Exercise: For the word "Sleeve", state how many lines below contain it. Give no other text.
*** Opening of Data extracts ***
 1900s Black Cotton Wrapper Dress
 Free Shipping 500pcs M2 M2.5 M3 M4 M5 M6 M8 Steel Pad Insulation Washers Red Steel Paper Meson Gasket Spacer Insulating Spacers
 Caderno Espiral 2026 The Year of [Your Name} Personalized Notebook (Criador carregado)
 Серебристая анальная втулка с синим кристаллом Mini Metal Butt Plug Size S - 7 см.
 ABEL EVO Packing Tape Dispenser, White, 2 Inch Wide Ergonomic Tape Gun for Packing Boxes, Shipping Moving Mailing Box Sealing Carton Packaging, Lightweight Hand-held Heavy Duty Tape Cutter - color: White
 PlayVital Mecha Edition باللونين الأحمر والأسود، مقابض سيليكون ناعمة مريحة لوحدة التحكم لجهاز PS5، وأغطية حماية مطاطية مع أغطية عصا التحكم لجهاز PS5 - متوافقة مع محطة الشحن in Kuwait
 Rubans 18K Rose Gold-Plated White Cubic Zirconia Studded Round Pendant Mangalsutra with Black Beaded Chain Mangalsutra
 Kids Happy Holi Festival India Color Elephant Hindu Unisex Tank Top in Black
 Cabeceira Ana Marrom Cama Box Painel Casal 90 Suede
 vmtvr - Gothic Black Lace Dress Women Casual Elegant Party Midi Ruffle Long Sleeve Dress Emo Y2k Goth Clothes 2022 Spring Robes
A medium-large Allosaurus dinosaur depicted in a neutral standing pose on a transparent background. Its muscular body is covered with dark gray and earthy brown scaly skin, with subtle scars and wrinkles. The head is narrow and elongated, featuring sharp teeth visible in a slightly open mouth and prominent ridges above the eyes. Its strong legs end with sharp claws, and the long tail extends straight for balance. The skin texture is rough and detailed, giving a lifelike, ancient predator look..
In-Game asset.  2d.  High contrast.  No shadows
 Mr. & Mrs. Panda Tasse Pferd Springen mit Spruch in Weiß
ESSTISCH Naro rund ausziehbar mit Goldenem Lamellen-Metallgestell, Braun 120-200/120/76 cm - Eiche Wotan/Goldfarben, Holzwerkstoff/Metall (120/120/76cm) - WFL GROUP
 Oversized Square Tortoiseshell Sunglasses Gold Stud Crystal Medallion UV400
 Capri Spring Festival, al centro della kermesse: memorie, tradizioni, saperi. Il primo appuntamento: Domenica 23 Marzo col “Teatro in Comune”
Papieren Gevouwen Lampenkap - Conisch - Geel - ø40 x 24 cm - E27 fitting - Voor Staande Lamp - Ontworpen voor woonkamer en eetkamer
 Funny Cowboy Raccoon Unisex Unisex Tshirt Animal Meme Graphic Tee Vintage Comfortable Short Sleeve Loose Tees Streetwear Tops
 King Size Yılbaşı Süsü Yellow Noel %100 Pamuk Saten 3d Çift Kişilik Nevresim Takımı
*** Close of Data extracts ***
Solution for this problem: 2